_Records drawn from a dataset_:
________________________

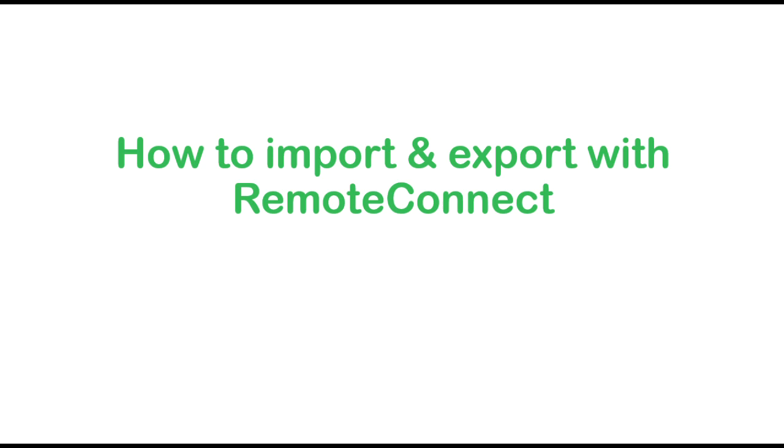In this video we'll learn how to import and export logic task sections as well as exporting a project to Excel.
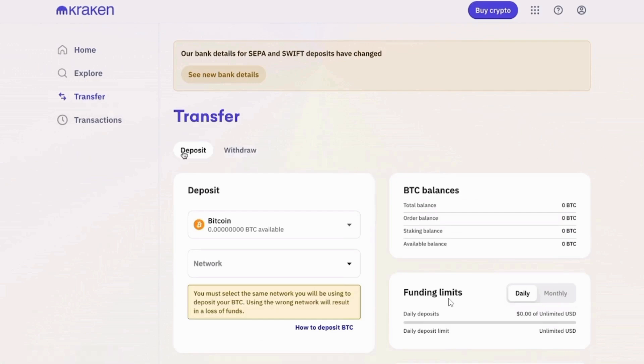First of all, head over to any web browser and go to kraken.com. Make sure to sign into your account. Now, click on the transfer option from the left-hand side panel.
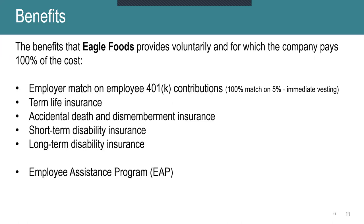Next is the benefits that we pay for 100% of the cost that the company pays. So we actually have a very generous 401k plan where we match 100% up to 5%. So if you put in 5%, we'll match with 5%, and you are actually automatically enrolled in that program after 45 days of employment, and you are immediately vesting into that 401k plan right away.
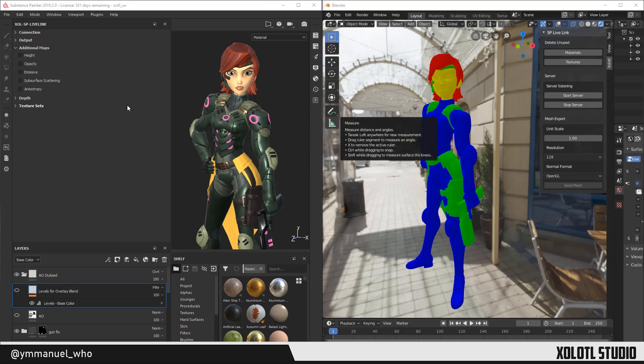Next we have the Additional Maps section. Here we have the option to add to the selected preset some extra maps that are not included by default: Height, Opacity, Emissive, Subsurface Scattering and Anisotropy. Unlike the maps included in the preset, these ones are not essential to define a PBR material. That is the reason they are optional.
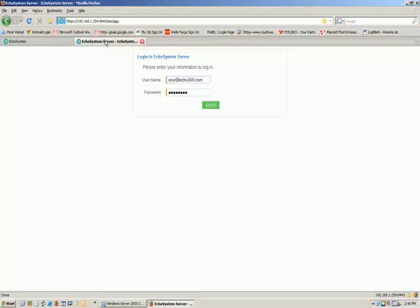Hello, this is the second part of the tutorial on how to caption from your Echo system using the integrated workflow with Automatic Sync's CaptionSync system. If you've not already configured your Echo system to work with CaptionSync, please review the first video in this tutorial, which will walk you through the setup process.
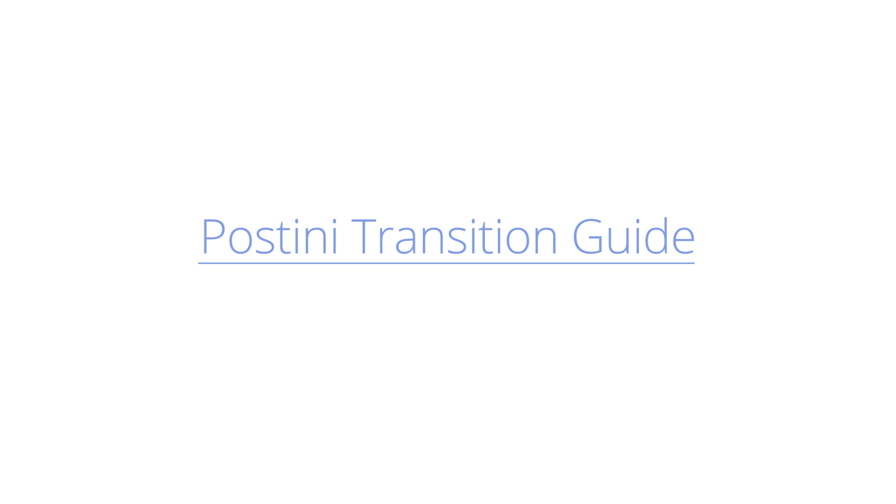For instructions on changing your MX records, and for details on all of the steps described here, as well as support options, see the Postini Transition Guide in the Google Apps Help Center.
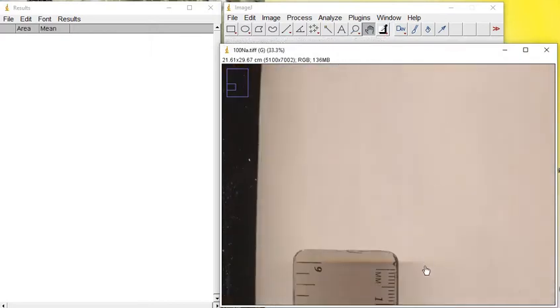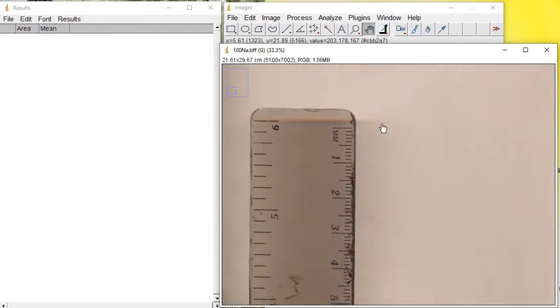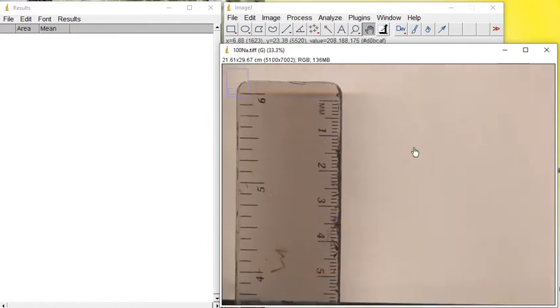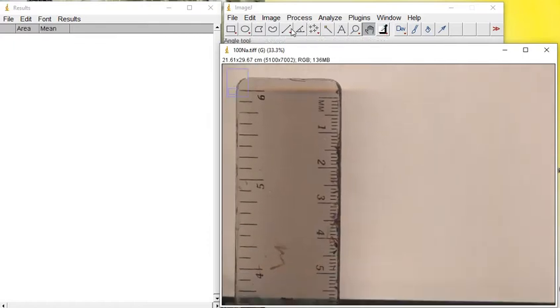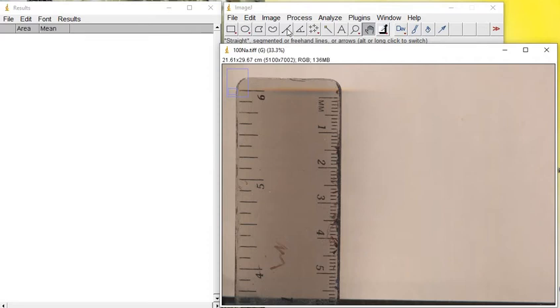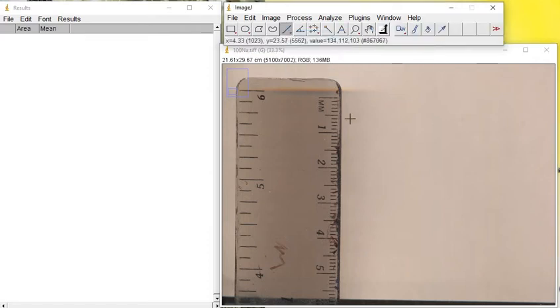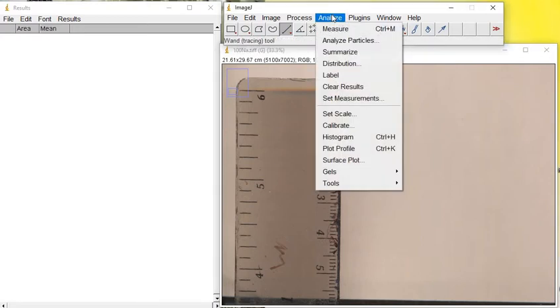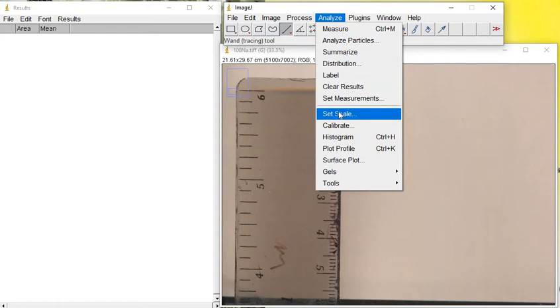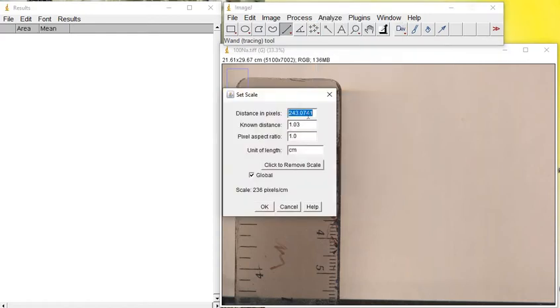As always, first we need to set the scale. Use this function in the tools. When you right-click, you can get the straight line, then draw a line and go to Analyze and then Set Scale.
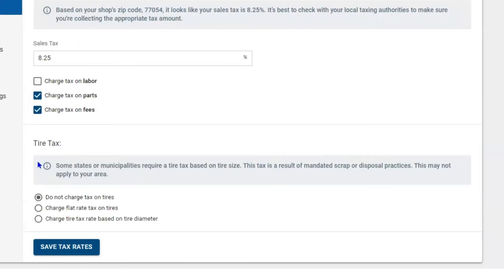Now the last piece of this: when you sell a tire, you have to make that part a tire in order to track your tire tax. If you make your tires parts, it's not going to track it. Remember, a tire is a tire, a battery is a battery, and a part is a part.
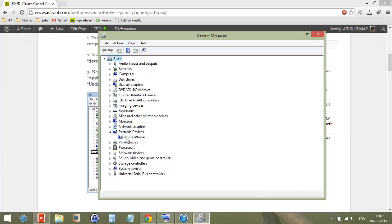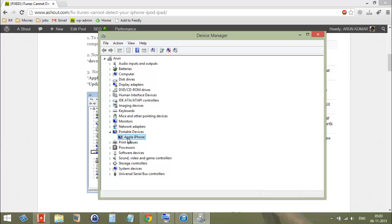Right now I have connected my iPhone. In your Device Manager, you will see Portable Devices. In Portable Devices, just open that section. You will see the device which is not working or any Apple device which you connected.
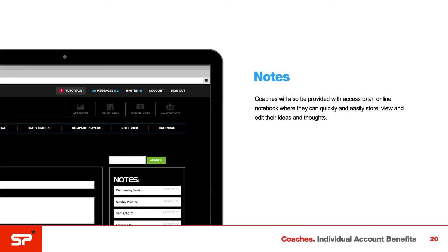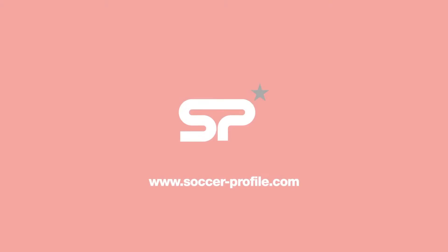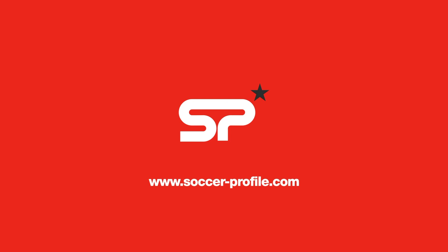Coaches will also be provided with access to an online notebook where they can quickly and easily store, view, and edit their ideas and thoughts. For more information and to see some of the biggest names in the business endorsing our platform, please visit www.soccer-profile.com.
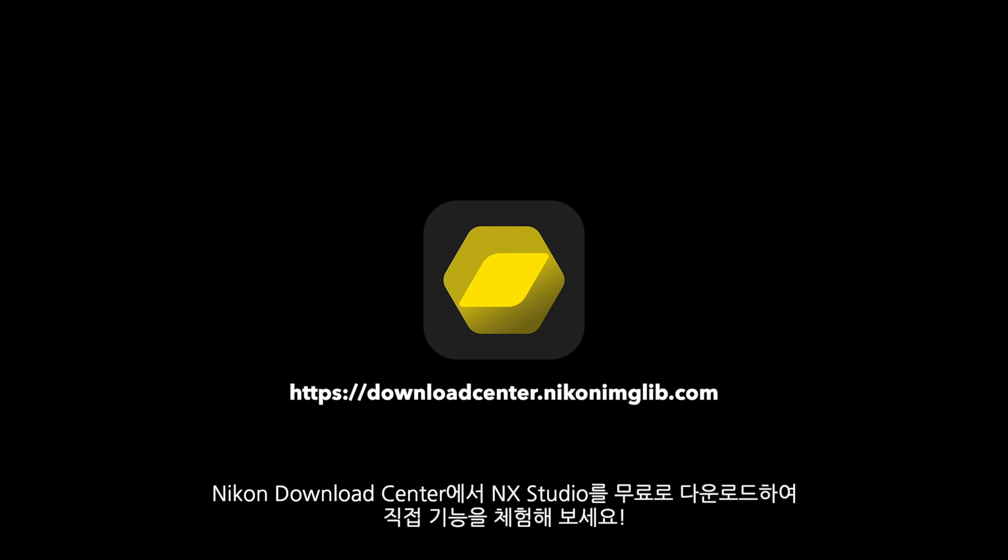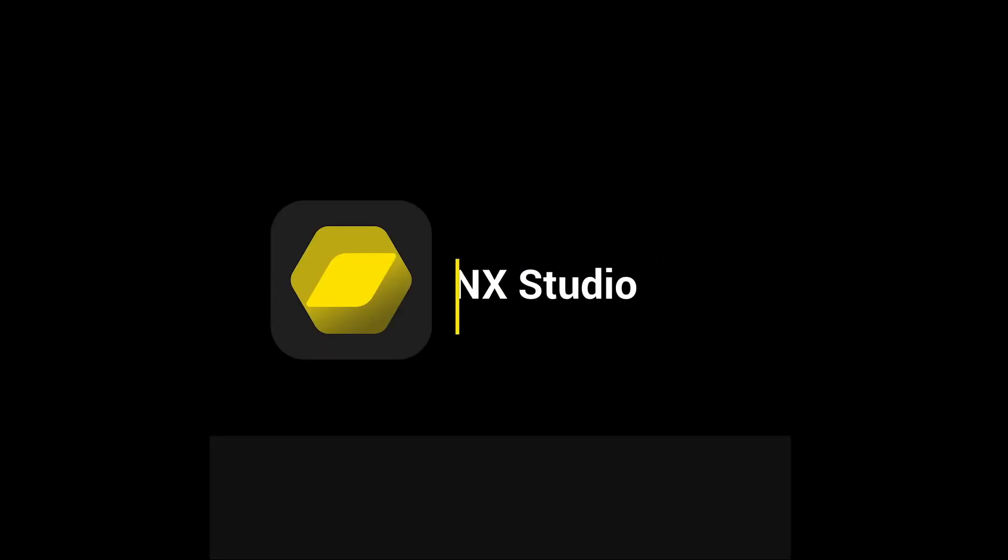Try it out for yourself! Get NX Studio for free at Nikon Download Center.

________________________

_What is required_:
What is needed is an exact copy of the lines from the start of the records through the line containing "First of all, head", with no pictures.

_Solved problem_:
In this video we'll learn how to import and export logic task sections as well as exporting a project to Excel.
First of all, head over to any web browser and go to kraken.com. Make sure to sign into your account. Now, click on the transfer option from the left-hand side panel.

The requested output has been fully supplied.